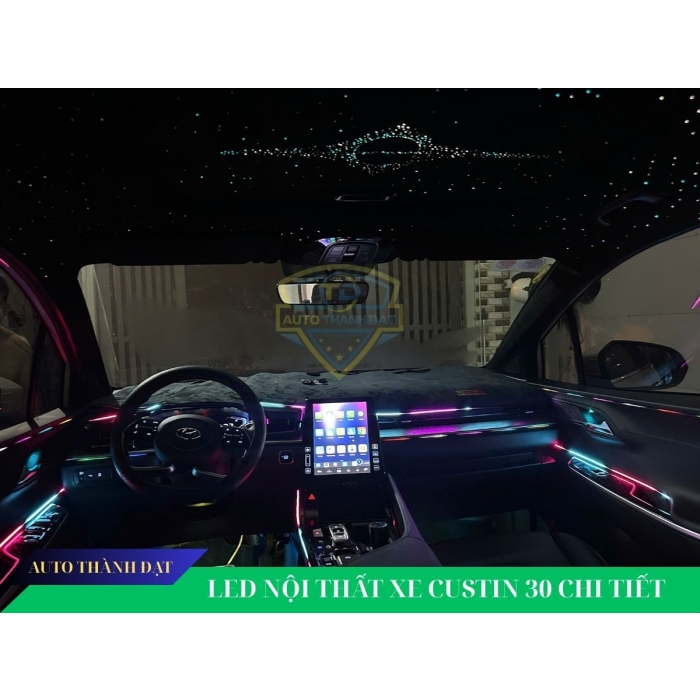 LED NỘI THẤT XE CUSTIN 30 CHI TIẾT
======
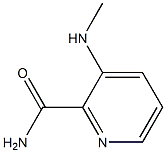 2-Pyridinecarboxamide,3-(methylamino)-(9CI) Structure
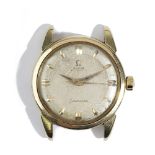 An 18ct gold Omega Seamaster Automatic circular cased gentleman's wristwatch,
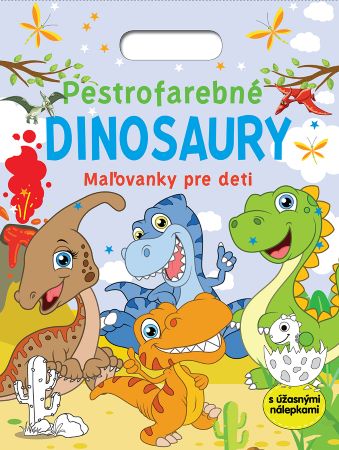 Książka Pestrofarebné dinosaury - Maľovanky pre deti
======
_WHAT THE EXERCISE ASKS_:
Having found the line with "An 18ct gold" and the line with "Książka Pestrofarebné dinosaury" in the material above, write out exactly those two and every line between, leaving the pictures out.

_ANSWER SECTION_:
 An 18ct gold Omega Seamaster Automatic circular cased gentleman's wristwatch,
 Książka Pestrofarebné dinosaury - Maľovanky pre deti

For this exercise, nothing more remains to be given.